01 dezembro, 2010

o avesso

Quando parimos um ser o nosso corpo vira do avesso, não só se abre mas se contorce e se dobra, mostramos nossas "feiuras", nosso sexo, nosso odor, gritamos muito, mas não de dor, e sim de paixão, porque algo lá embaixo, queima, arde, pulsa, e algo na boca do estômago congela. A barriga se aperta, e seu filho, esse ser que se formou e se fez ser humano dentro de você, te ajuda.Quando sai é um alívio, mas não porque sofria logo antes, mas sim porque algo se concretiza, uma missão se completa. É como passar sim por um portal, chegar à ponta do arco-íris, e lá estava aquele famoso pote de ouro. Esse pote de ouro tem olhos, olhos singulares, e olha tudo ao redor, é escorregadio, é pequeno mas tão humano que sua intensidade pulsa, vibra e enche o espaço, é único.
Minha Manuela olhou tudo ao redor em silêncio e seu olhar...seu olhar era ela. E ela é única. Ali, naquele instante que gritamos e nos apertamos juntas deixamos para sempre de sermos duas em um corpo e nos realizamos dois seres. E ela nasceu aquilo que será até seu último suspiro. O último... O primeiro suspiro, a primeira tragada de ar e o primeiro olhar foram ainda junto ao meu peito, deitada na minha barriga, agora vazia, o avesso novamente escondido, nunca mais esquecido. Ela era única e eu nunca mais a mesma.
O vazio não me torturou, não tive melancolia e confesso uma saudade deliciosa de quando a barriga era pesada, mas senti cada segundo de seu esvaziamento, senti cada pedrinha do caminho rumo ao outro lado do arco íris, fui mulher inteira, em dobro, dobrada, rasgada e aberta mas pura e simplesmente pela força natural do meu corpo.
Hoje a única Manuela se mostra, se revela, tem olhos dourados e abertos, ontem se virou pela primeira vez, não do avesso, ainda não, mas rolou na minha perna e eu aprecio cada momento.

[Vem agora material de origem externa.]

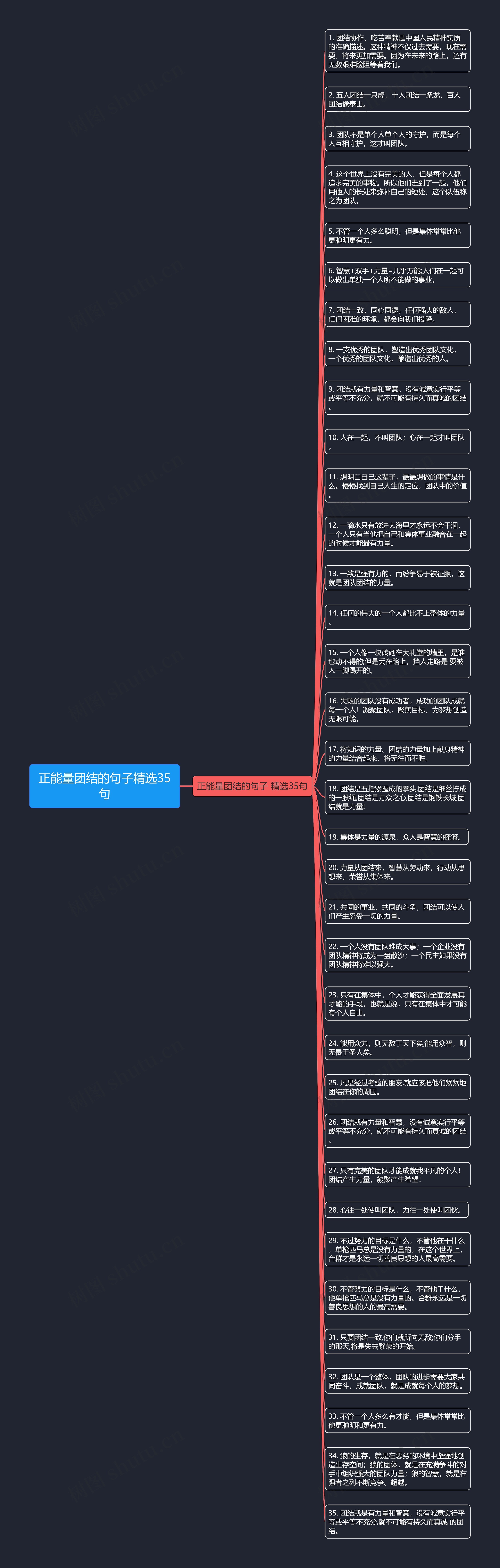 正能量团结的句子精选35句思维导图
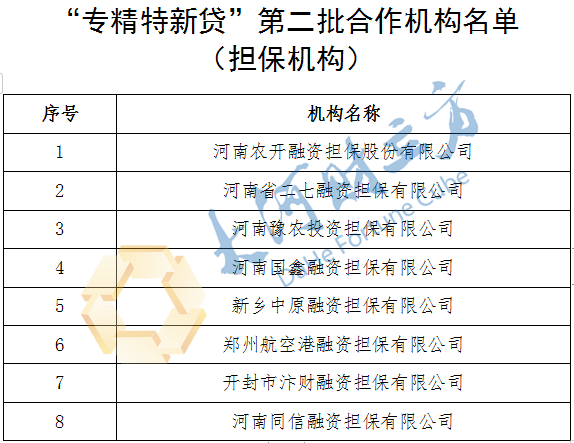 国担基金批量担保贷款（国担基金批量担保贷款业务,银担双方） 国担基金批量包管
贷款（国担基金批量包管
贷款业务,银担两边
） 基金动态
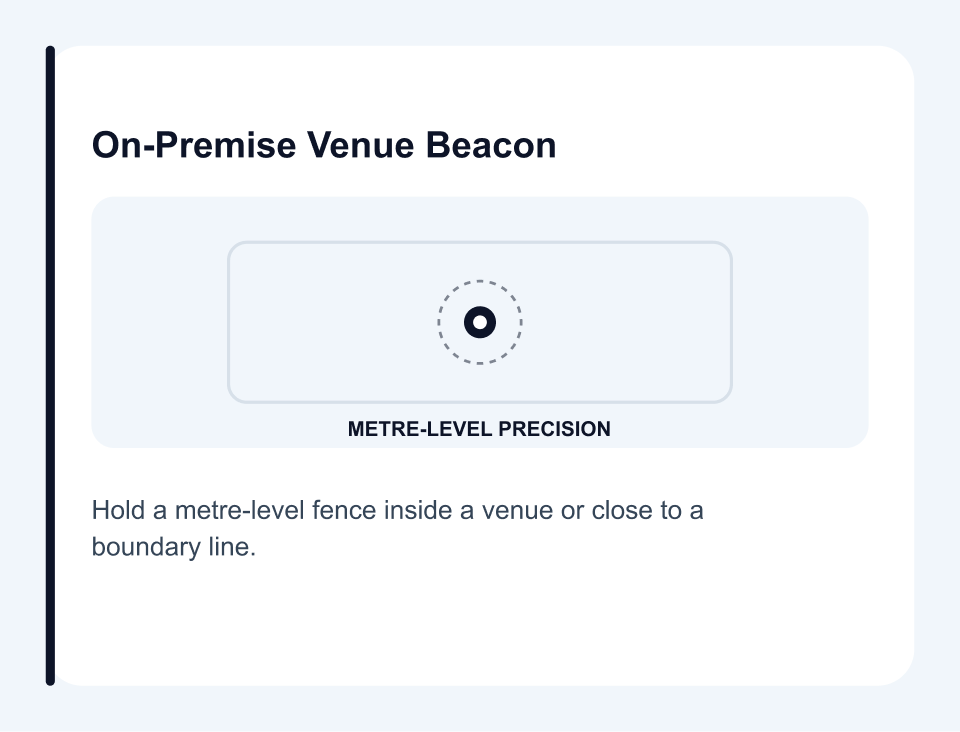 On-Premise Venue Beacon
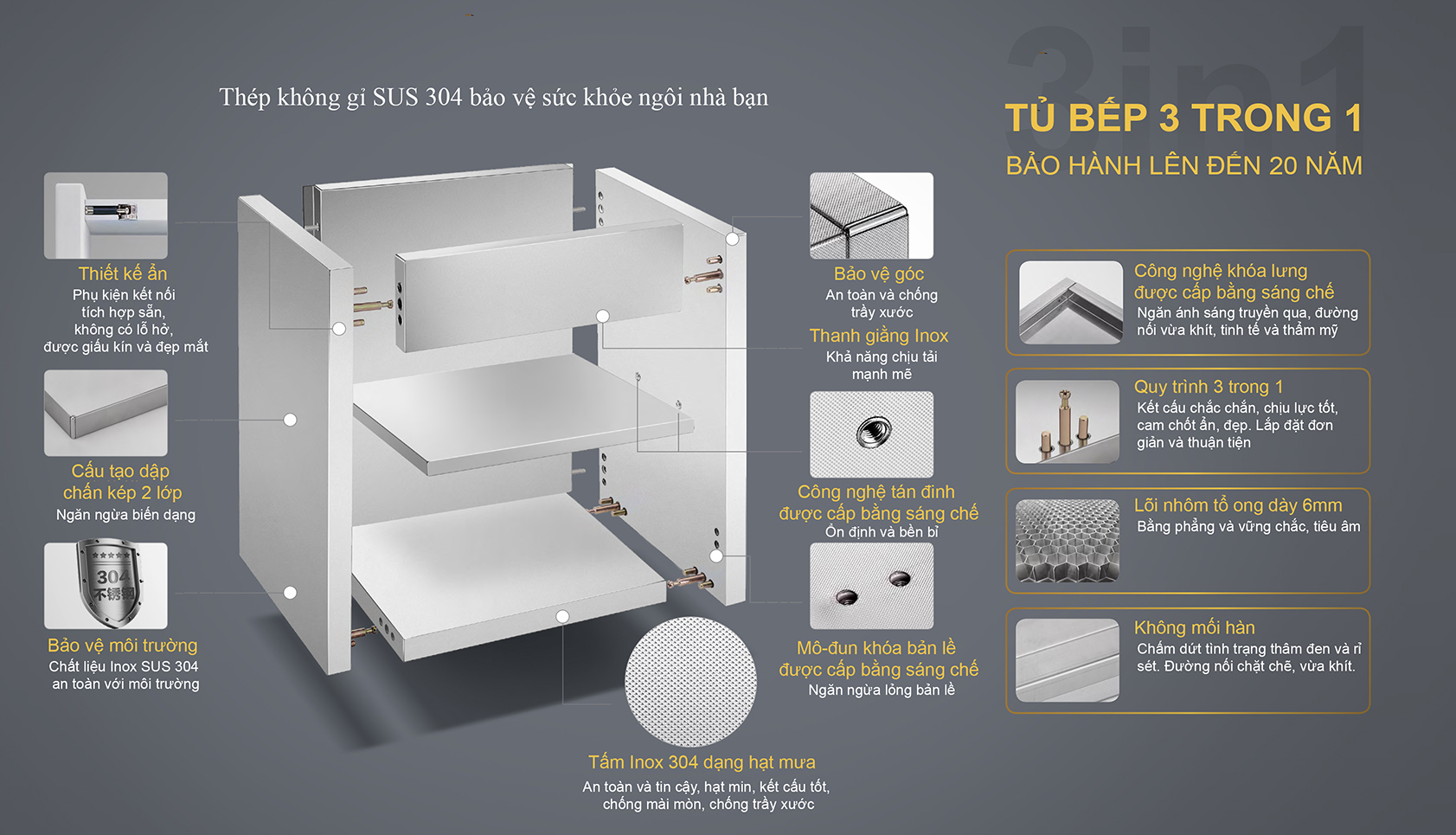 tu-bep-inox-cau-tao-module-3-lop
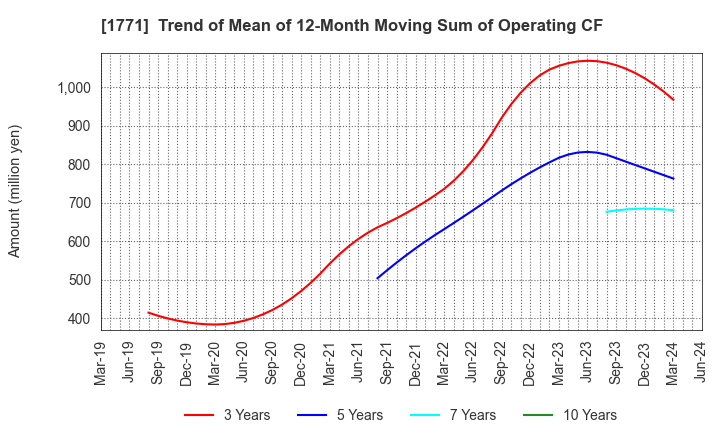 1771 NIPPON KANRYU INDUSTRY CO.,LTD.: Trend of Mean of 12-Month Moving Sum of Operating CF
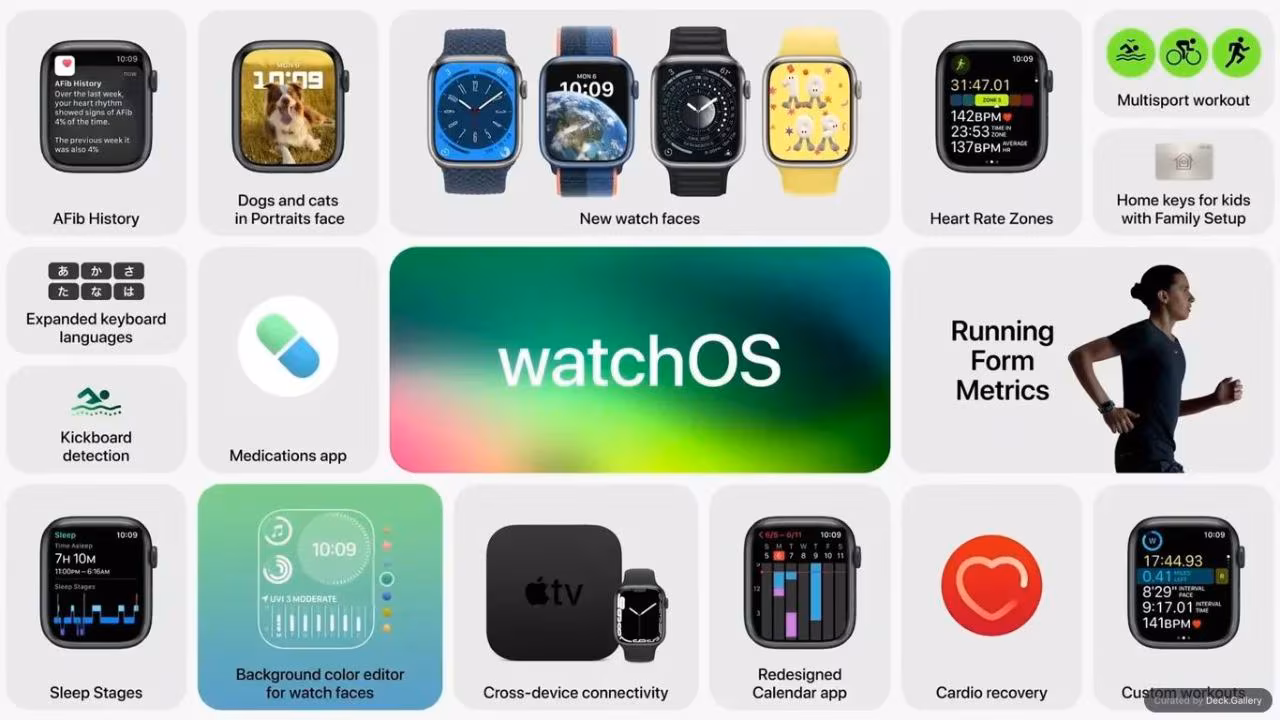 WWDC 22 Keynote Product Highlights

Agora que vi meu avesso e me multipliquei digo que posso voar, porque sou feia, inteira e bela. E, não posso deixar de dizer, eterna.

Um comentário:

Atêlie "Bem Me Quer" disse...

Olha tenho 21 anos, não sou mãe, e ainda não tenho namorado, mas sempre fiquei pensando como será que é ter um bebê? e por meio do seu texto me senti tendo um bebê...
Parabéns pelas postagens, você escreve e descreve muito bem!!!